C. Edging and Decorative Rock Materials

Edging and decorative rock materials may have different names, depending on the manufacturer of the edging, or where the rocks are from. As I said in the beginning, landscaping varies depending on the region you live in. Availability and cost of materials varies as well.

It can be confusing when you read about different materials in a book, and then go to purchase them only to find out they don't have what you want. They may actually have it under a different name. I will try to be as generic as I can describing materials, to avoid confusion.

Landscaping rocks can be sold in different ways, but most decorative rock is sold by the yard. This way you can estimate your requirements based on the dimensions of your project.

I have found that the yards themselves have different suppliers and pricing for edging materials with some being a better quality than others. Using a better quality edging will look better and last longer, saving you time and money down the road. Landscape fabrics (weed mats), also come in different qualities.

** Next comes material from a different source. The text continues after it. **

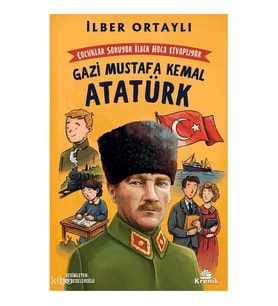 ÇOCUKLAR SORUYOR, İLBER ORTAYLI CEVAPLIYOR: GAZİ MUSTAFA KEMAL ATATÜRK
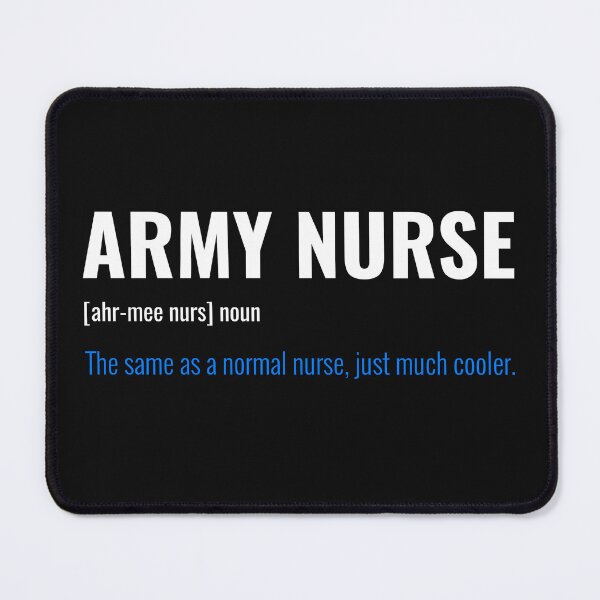 Item preview, ARMY NURSE: The same as a normal nurse, just much cooler. designed and sold by SRGTees.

Landscaping with gravel or rock that is smaller, is more practical than larger rocks if you are going to be walking on it frequently. Also, crushed rocks or gravel will have more mechanical bond from the broken and jagged edges.

 Round rocks will tend to move apart and slide around more making it difficult to push a mower or wheelbarrow through. Garden mulch or bark mulch for these beds should also be selected and used in a practical way. (Don't use it in high traffic areas or where high winds exist.)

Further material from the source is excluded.